(Provided information Opens)

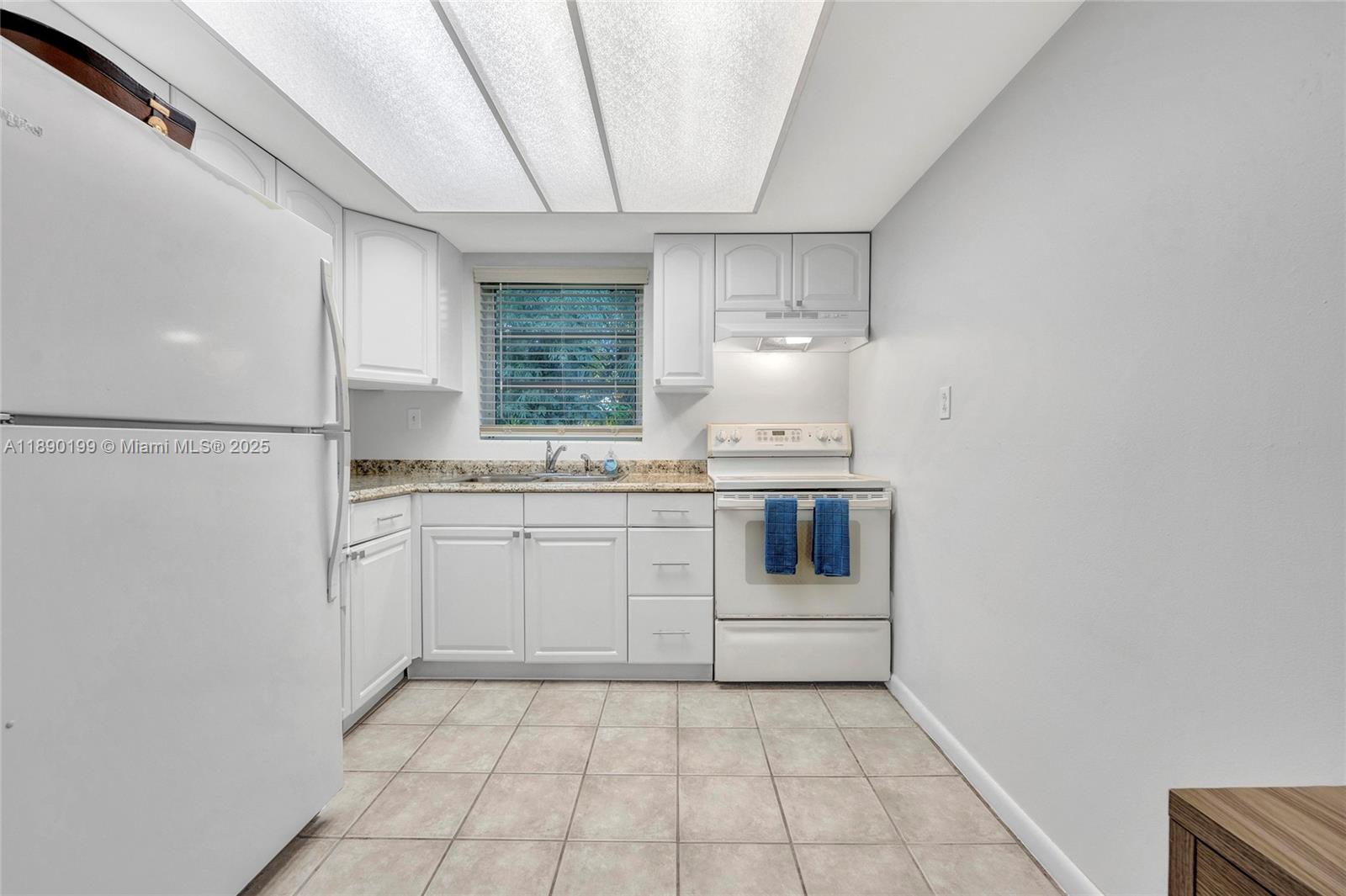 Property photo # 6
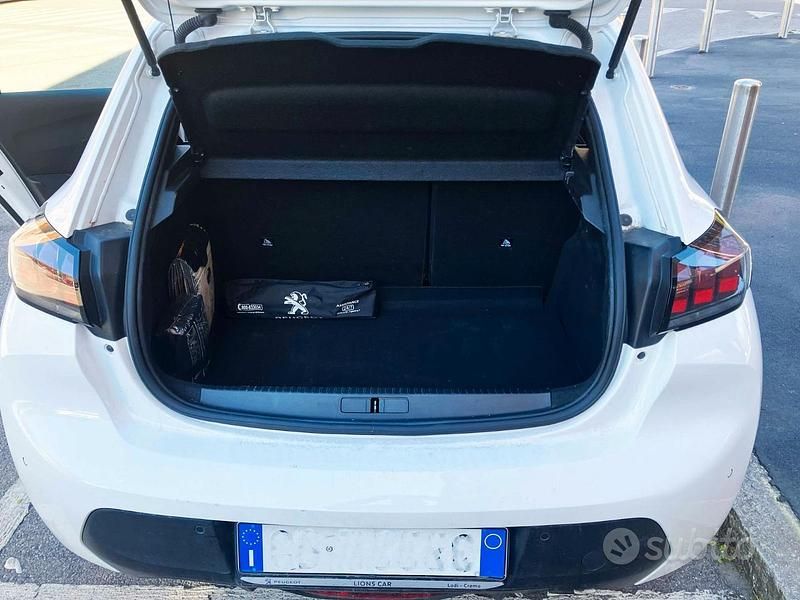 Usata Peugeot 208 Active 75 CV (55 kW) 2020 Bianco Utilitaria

(Provided information Closes)
(Provided information Opens)

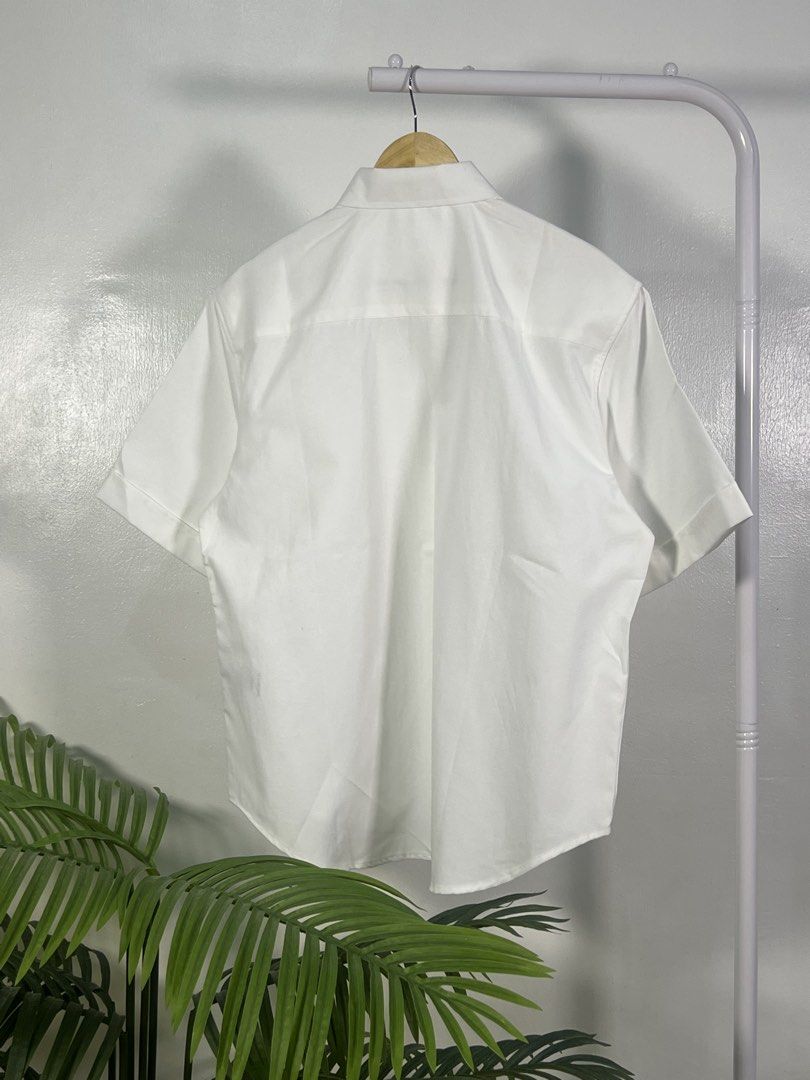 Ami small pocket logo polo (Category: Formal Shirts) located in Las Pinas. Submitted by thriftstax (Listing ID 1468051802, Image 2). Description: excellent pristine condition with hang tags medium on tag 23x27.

(Provided information Closes)

Exercise: Copy only this from above: the line containing "Property photo # 6", the line containing "Usata Peugeot 208", and all lines between, printed exactly. Leave out the pictures.

Exercise result:
 Property photo # 6
 Usata Peugeot 208 Active 75 CV (55 kW) 2020 Bianco Utilitaria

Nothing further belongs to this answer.